Calvario de la sospecha

Comenzó así, desde 1960, la lenta y costosa rehabilitación teológica de este sacerdote ejemplar, no exenta todavía del espinoso calvario de la sospecha. En 1961 sus superiores jesuitas le piden que elabore una defensa de Pierre Teilhard de Chardin, fallecido en 1955, a quien De Lubac conocía bien. El superior provincial había sido explícito: “La Compañía no puede desentenderse de uno de sus hijos. Los cuatro Provinciales de Francia, con la aprobación del Padre General, desean que uno de los jesuitas que lo han conocido y que siguieron el hilo de su pensamiento aporte su testimonio. De hecho, ya no hay ninguno que siga vivo, por lo que le hemos designado a usted. En la medida de lo posible libérese de cualquier otra ocupación y póngase al trabajo”.

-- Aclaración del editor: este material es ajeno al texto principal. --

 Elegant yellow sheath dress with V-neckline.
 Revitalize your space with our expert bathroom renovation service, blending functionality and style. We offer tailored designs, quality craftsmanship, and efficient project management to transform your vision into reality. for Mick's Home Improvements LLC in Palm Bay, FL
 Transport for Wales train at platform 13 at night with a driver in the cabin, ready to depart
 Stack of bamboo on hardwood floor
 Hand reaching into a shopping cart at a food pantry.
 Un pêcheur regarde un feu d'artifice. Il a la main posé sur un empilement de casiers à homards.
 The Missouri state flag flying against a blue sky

Y, efectivamente eso fue lo que hizo y en pocos meses pudimos disfrutar de uno de los libros más documentados y rigurosos que se han escrito sobre Teilhard. La obra llevaba el título de ‘La pensé religieuse du père Pierre Teilhard de Chardin’ y apareció en la primavera de 1962. Para entonces el cardenal Ottaviani ya había señalado “ambigüedades y errores en la obra de Teilhard que ofenden a la doctrina católica” y monseñor Parente solicitó su inclusión inmediata en el Índice de libros prohibidos.

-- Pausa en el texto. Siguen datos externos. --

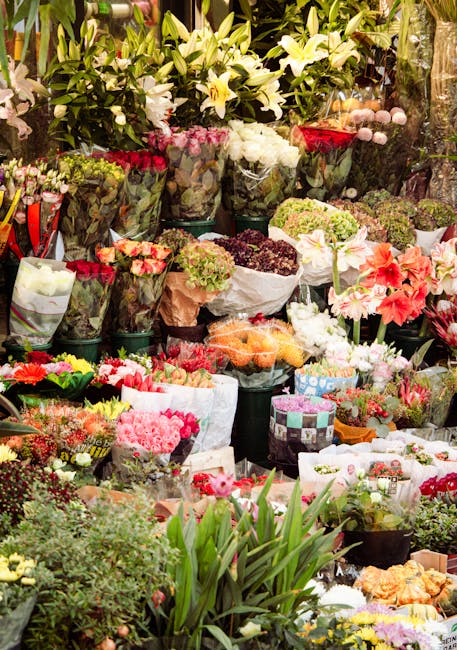 A vibrant display of fresh floral arrangements and bouquets at a flower market, featuring a variety of flowers including white lilies, pink roses, and multicolored carnations, wrapped in paper or pres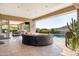 Expansive covered patio with comfortable seating, bar, and dining area overlooking pool and desert views at 9894 E Miramonte Dr, Scottsdale, AZ 85262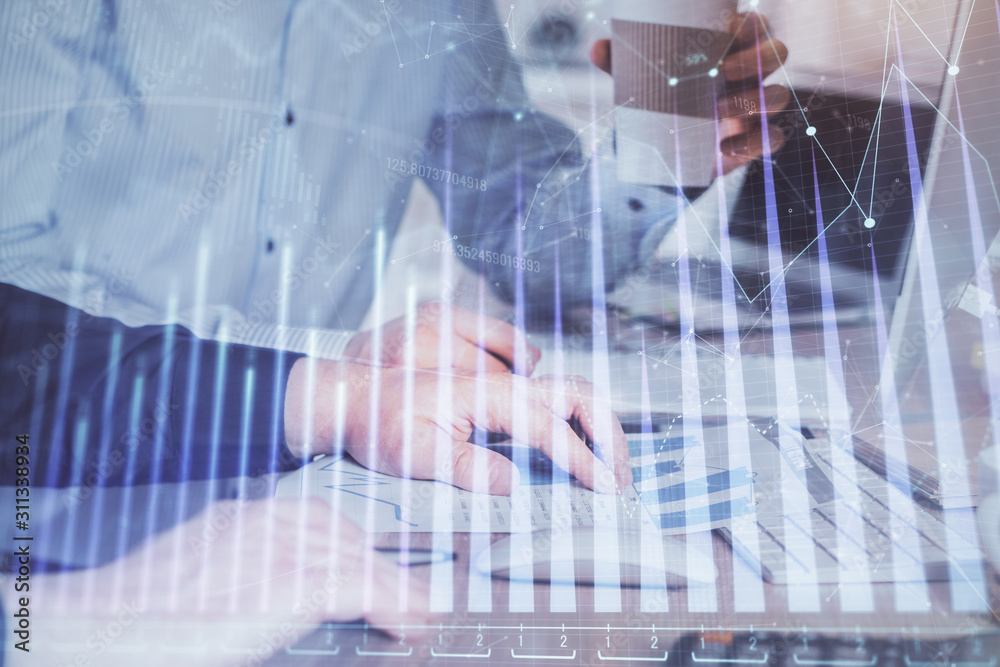 Multi exposure of chart with man typing on computer in office on background. Concept of hard work. Multi exposure of chart with man typing on computer in office on background. Concept of hard work.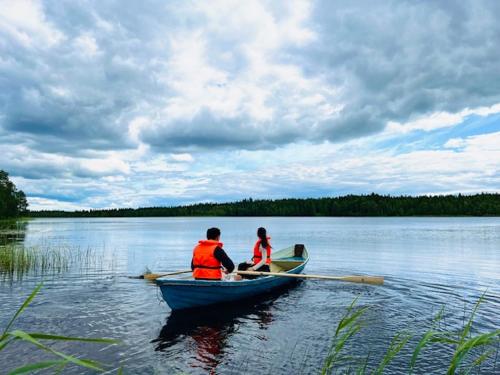 two people in a row boat on a lake at Kätkä Lake Lodge in Tervola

Habría que explicar que la comisión de consultores a la que pertenecía el padre De Lubac dependía directamente del Santo Oficio y él mismo relata que en muchas ocasiones se sintió allí más en el papel de reo que de consultor. Y eso doblemente, pues se veía obligado a dar razón, oral y escrita, no solo de su propio pensamiento, sino también del de Teilhard de Chardin, frente a quienes buscaban interpretaciones torticeras y trasnochadas de las intuiciones teológicas de ambos.

Renuncia al cardenalato

Ya con la nueva luz del Concilio, el entusiasmo ganó terreno a las reticencias de los rigoristas, el peso intelectual de De Lubac creció y se reeditaron algunas de sus obras. En 1969 renunció al nombramiento como cardenal que le proponía Pablo VI, porque se resistía al requisito de ser ordenado obispo. Quince años después, Juan Pablo II le reitera el nombramiento, atendiendo ahora la petición expresa del padre De Lubac de acceder al cardenalato como simple sacerdote.

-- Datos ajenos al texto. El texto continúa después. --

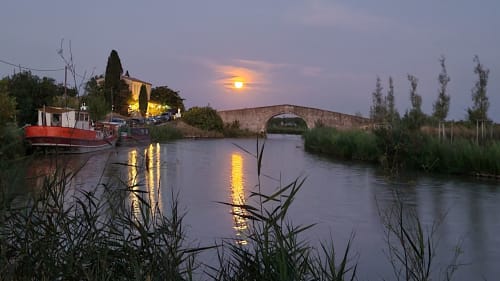 Péniche rouge et restaurant "le chat qui peche" sur le canal du midi au coucher de soleil et le pont du cantonnier, Le N°9 à Argeliers, France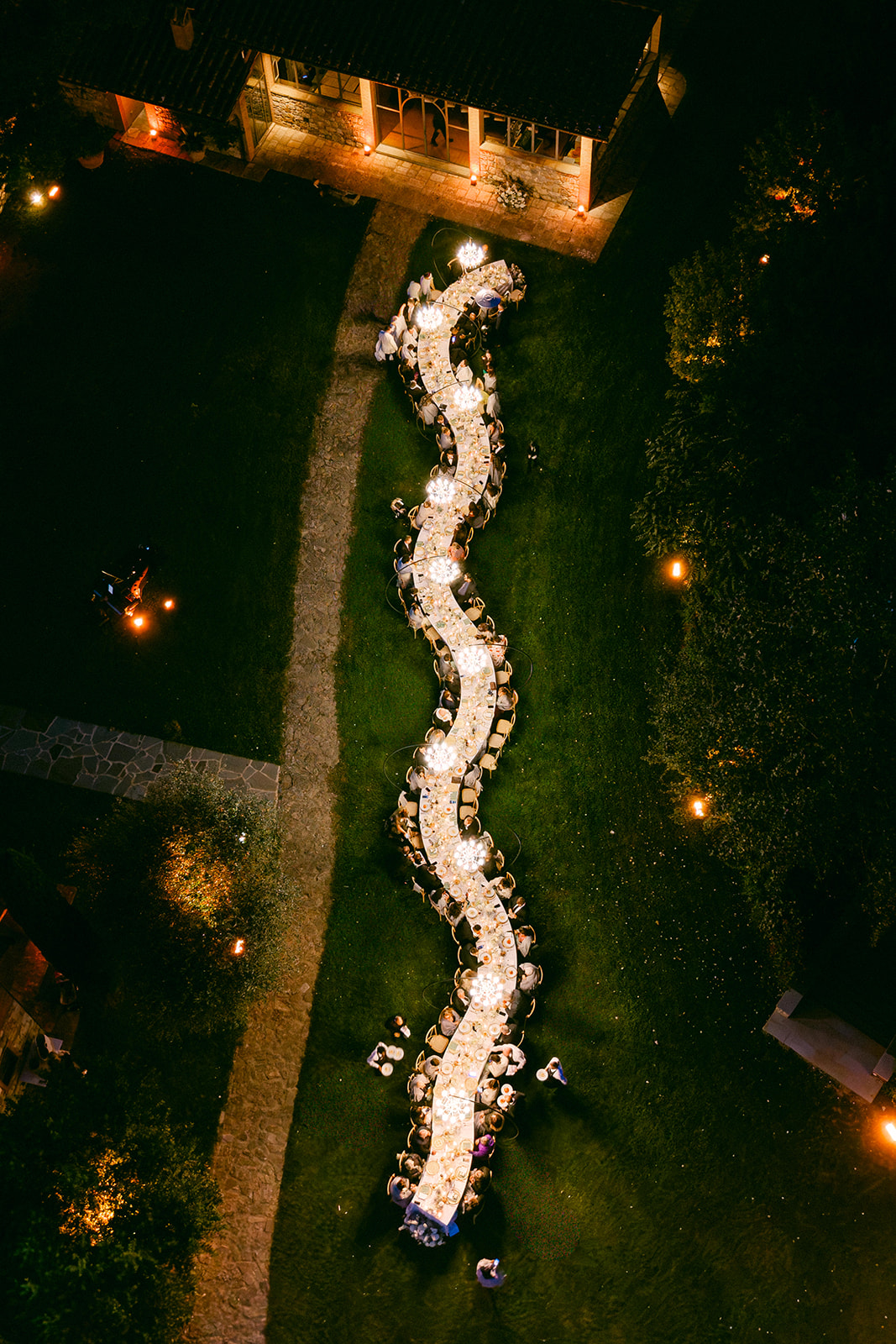 Wedding guests celebrating during a luxury Tuscany wedding reception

Así pues, tras la sospecha que sobre él lanzó Pío XII, son cinco los papas que han elogiado y seguido con provechoso interés su magisterio: Juan XXIII lo nombró consultor del Concilio Vaticano II, Pablo VI y Juan Pablo II quisieron que accediera al cardenalato y Benedicto XVI y el papa Francisco fueron lectores entusiastas de su obra cuando eran todavía jóvenes sacerdotes.

Obras completas en 1999

Henri de Lubac falleció en París en 1991, ya muy anciano, como los grandes patriarcas bíblicos. Les Éditions du Cerf inició la recopilación de sus obras completas en 1999. En su recuerdo, la biblioteca de la Universidad Católica de Lyon guarda su nombre y en Cambrai, su ciudad natal, también una de las calles que conducen a la iglesia catedral de Notre-Dame de Grâce. Sus paisanos acertaron: es muy razonable que los caminos de Henri de Lubac nos conduzcan a la Iglesia, porque ese fue también su empeño en vida.

Pues ya tenemos en marcha el proceso de beatificación de Henri de Lubac, abierto por los obispos franceses. ¡Qué esperanza para tantos teólogos silenciados! que siguieron el destino fatal de ser profetas incómodos en algún momento y que luego se vio la extraordinaria luz que aportaban en beneficio de la Iglesia. Una luz que quizá cegó a algunos, como ocurre siempre que uno pasa de la oscura seguridad de la caverna a la plena claridad del día.